Greubel Forsey – Signature One
Despite the massive workload and pressures that one imagines be on Greubel Forsey’s shoulders, the independent marque finds time to partner famed master watchmaker Philippe Dufour, on the self-financed ‘Le Garde Temps – Naissance d’une Montre’ project, with the aim of passing on traditional handcrafted watchmaking techniques to future generations of watchmakers.
It is from this project, which produced its first entirely handmade watch without the aid of modern machines, that the idea for the similarly hand-hewn Signature One was conceived. From a technical standpoint, it is Greubel Forsey’s most ‘basic’ watch: a manually wound three-hand ticker with hour, minute and second hand. (Also, with a starting price of 149,283 Swiss francs, the Signature One costs almost half of the average Greubel Forsey watch.) But everything else about the watch is far from simple.
Take for instance, the Signature One’s purity of form, anchored by a specially designed balance wheel; or the exceedingly fastidious hand-finishing, some of which like the hand-worked Geneva stripes on the movement plate, which require the decorator to relearn traditional techniques.
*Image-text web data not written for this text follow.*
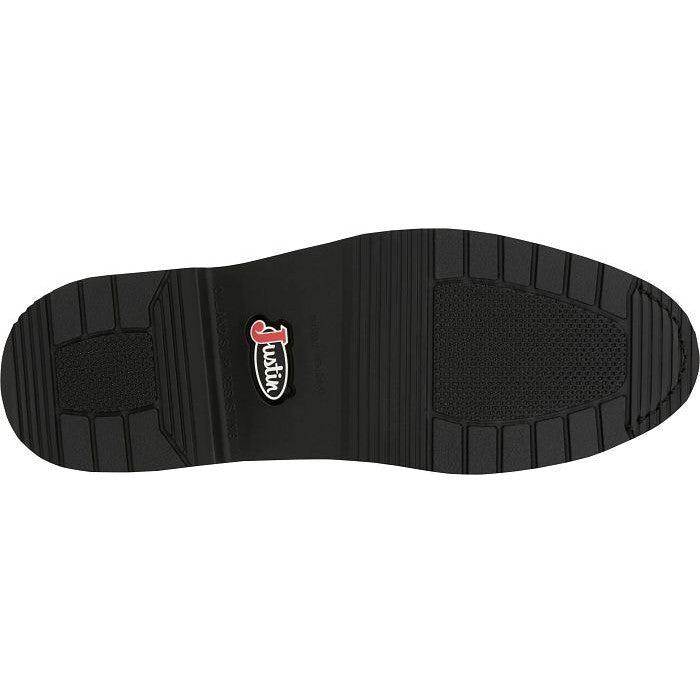 Justin Men's Livestock 8" Round Steel Toe Lace Up Western Work Boot -Brown- OW764 - Overlook Boots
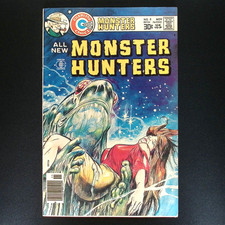Monster Hunters #8 | Charlton 1976 | Tom Sutton | VF picture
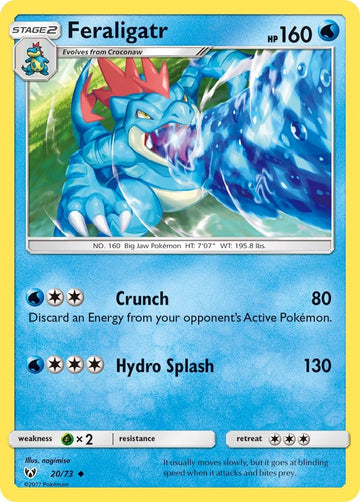 Feraligatr [20/73] [Shining Legends] Reverse Holofoil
Co-founder Stephen Forsey and the watch’s creator, watchmaker Diedier Cretin, call it “expressing complexity through simplicity”. In other words, a labour of love.
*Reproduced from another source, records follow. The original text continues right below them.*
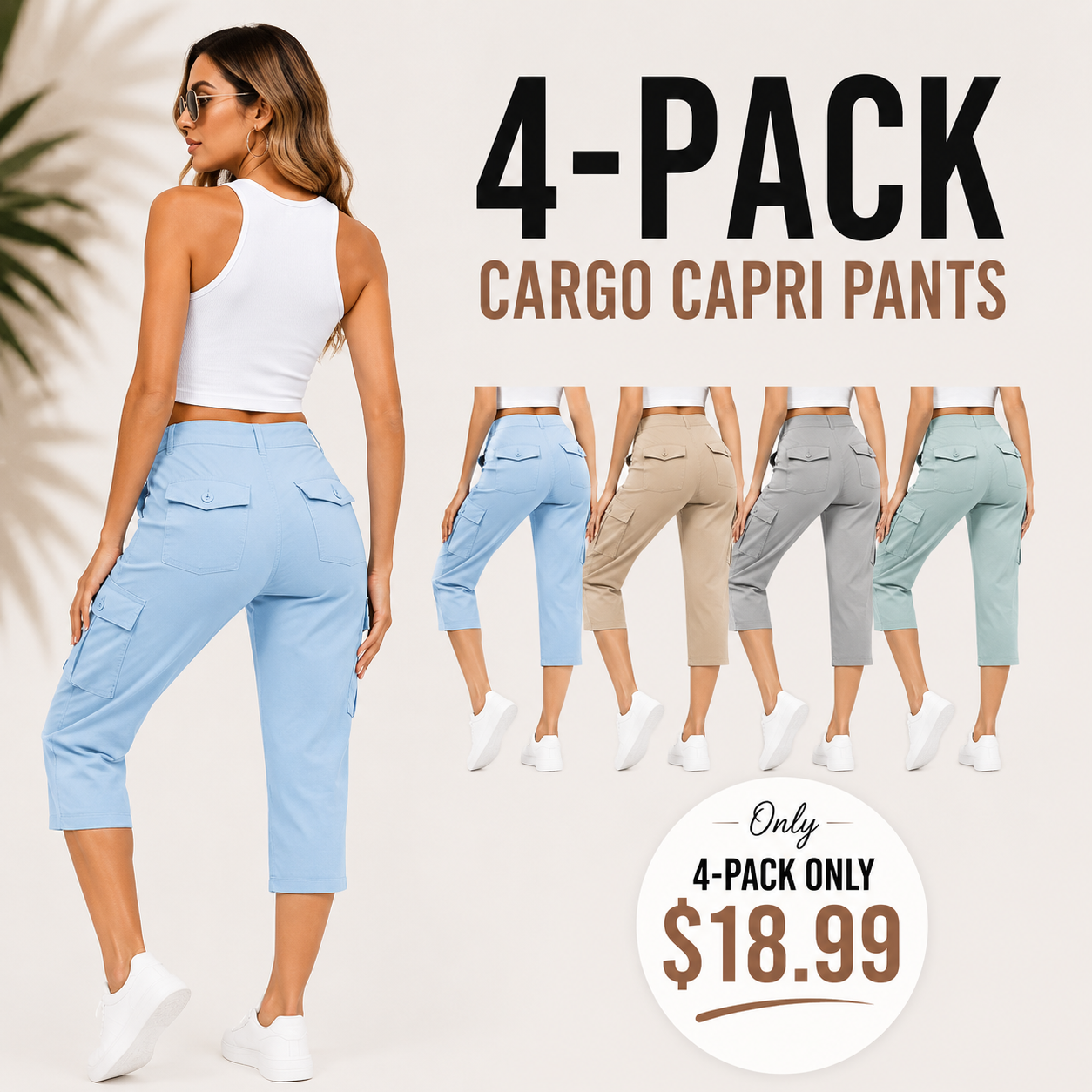 ❤️Women's Lightweight Cargo Capris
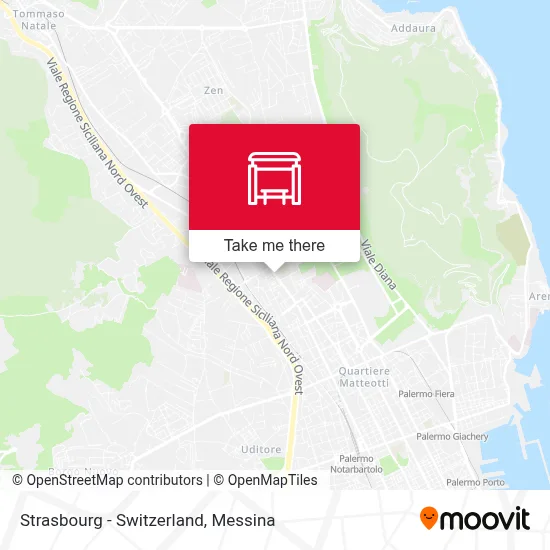 Strasbourg - Switzerland map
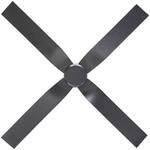 Deckenventilator Eco Ventos, grau, Metall, IP44, DC, WiFi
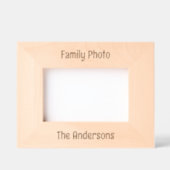 Individuell anpassbare Text- und Foto-Anzeige, Las Geätzte Rahmen (Vorderseite)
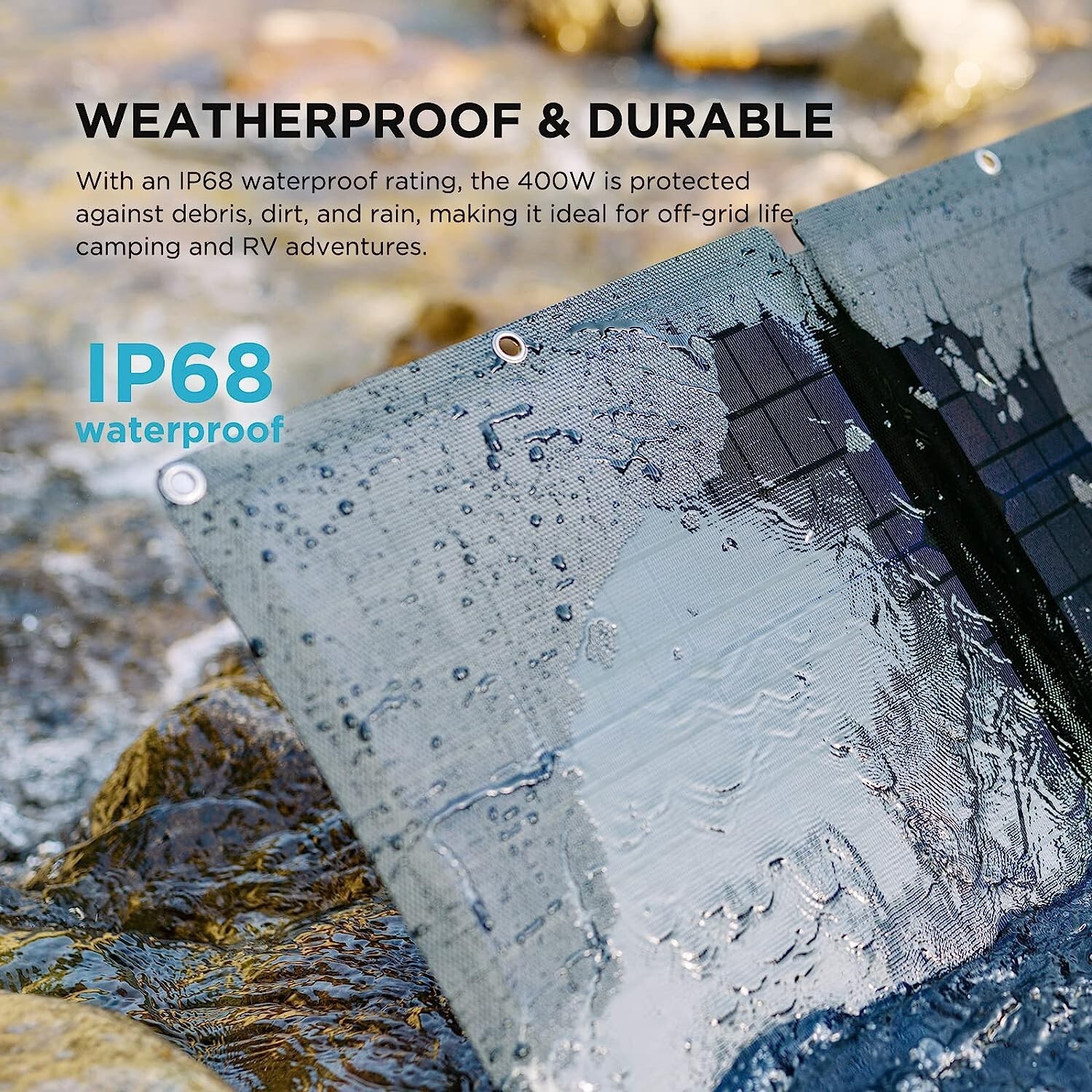 EcoFlow 400W Portable Solar Panel Foldable Solar Modules for Outdoor Camping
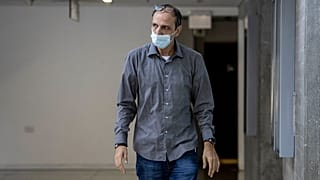 Shmulik Peleg, pictured arriving at a court in Tel Aviv in October.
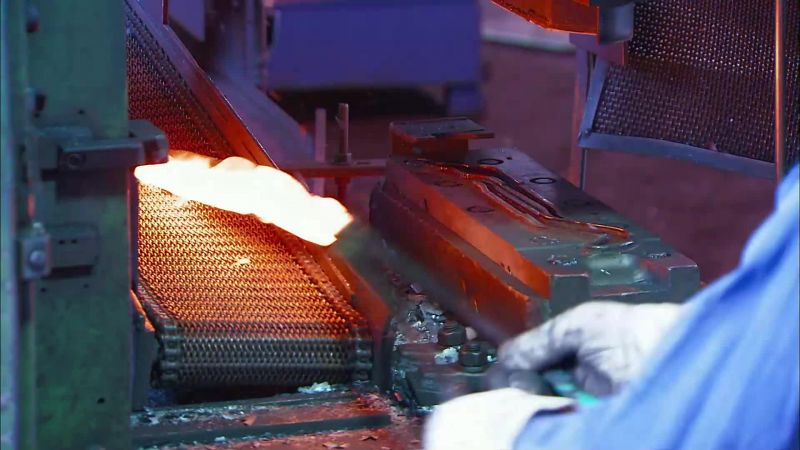 THEN THE FORGING IS PLACED ONTO A PRESS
Hautlence – Vortex Primary
Although it is billed as an Eric Cantona-plus-contemporary art piece (the ex-Manchester United star has been taking a shine to horology and especially Hautlence, which promptly enlisted him as ambassador and sometimes collaborator), the Vortex Primary should be seen to be more than a mere celebrity-fronted timepiece.
A variation of the steampunk-style, deconstructed time-telling concept that Hautlence made its name with back in 2015, the Vortex Primary takes the brand’s trademark movement that features a jumping hour train and retrograde minutes, flips it 90-degrees (like last year’s Vortex), and clads it in a superlight titanium case comprising 19 glass planes, some of which feature the three primary colours red, yellow and blue (now you get it?).
Limited to 18 pieces, the colours and stained glass-style execution recalls a Mondrain artwork – not surprising considering that Cantona, who helped design the watch, is an avid art collector. The art-meets-horology Vortex Primary is loaded with presence that is divisive and quite frankly, neither for everyone, nor will it rate on many best-of lists. That said, here at CROWN, we are fond of watches that challenge the status quo a bit. And this unusual ticker does just that nicely.